● **Your goal**:
Nothing but the pictures should be dropped; repeat the rest of the data below exactly.

● **Dataset excerpt**:
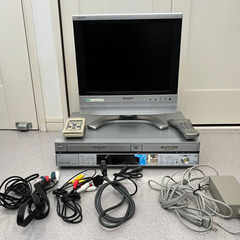 シャープ13インチテレビ＆【ジャンク】パナソニックVHSプレーヤ...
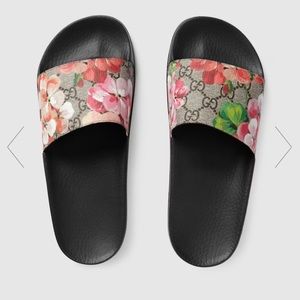 Women’s Gucci floral slide sandal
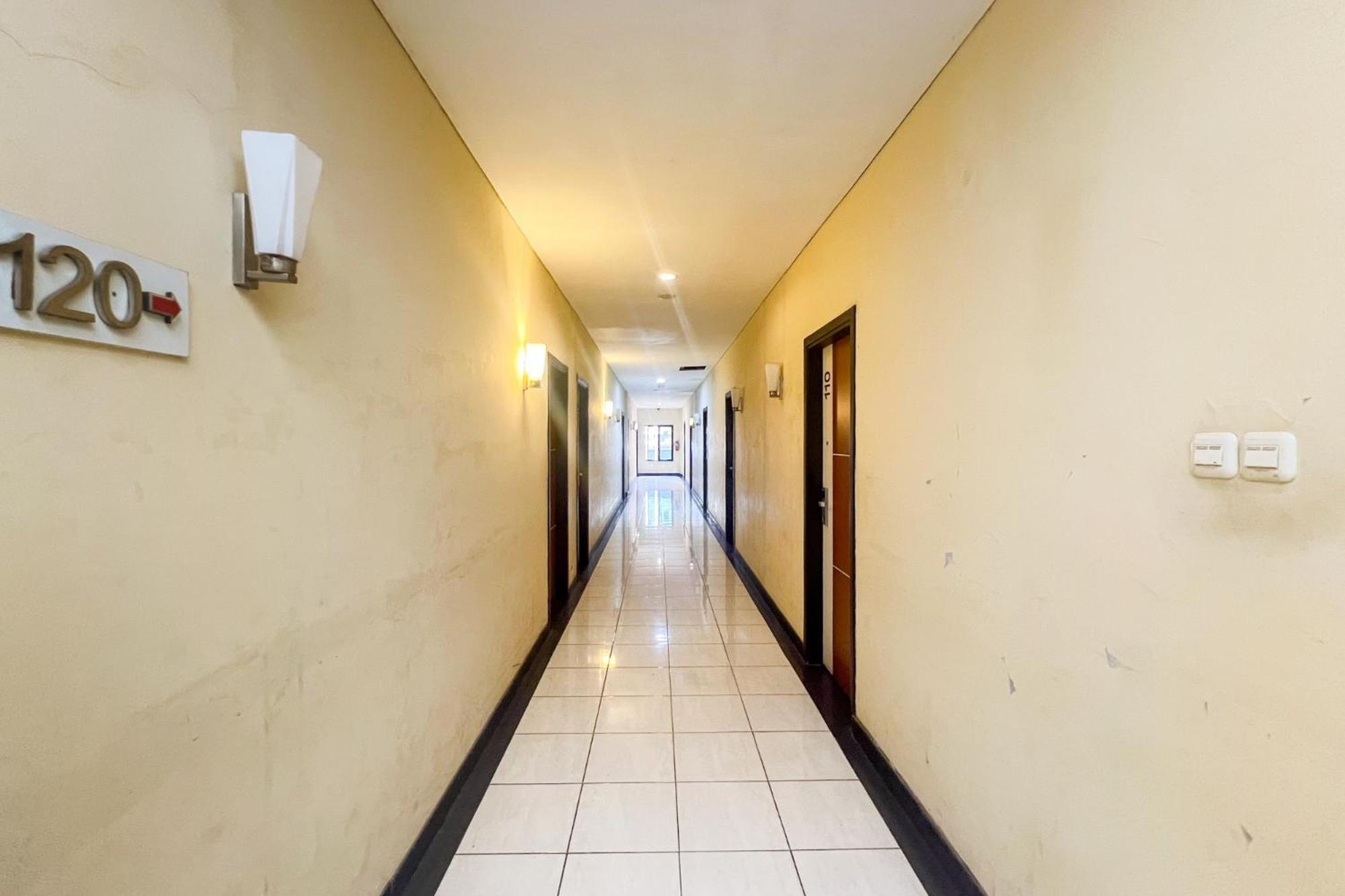 Urbanview Trisula Hotel Makassar Exterior photo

● **Task solution**:
 シャープ13インチテレビ＆【ジャンク】パナソニックVHSプレーヤ...
 Women’s Gucci floral slide sandal
 Urbanview Trisula Hotel Makassar Exterior photo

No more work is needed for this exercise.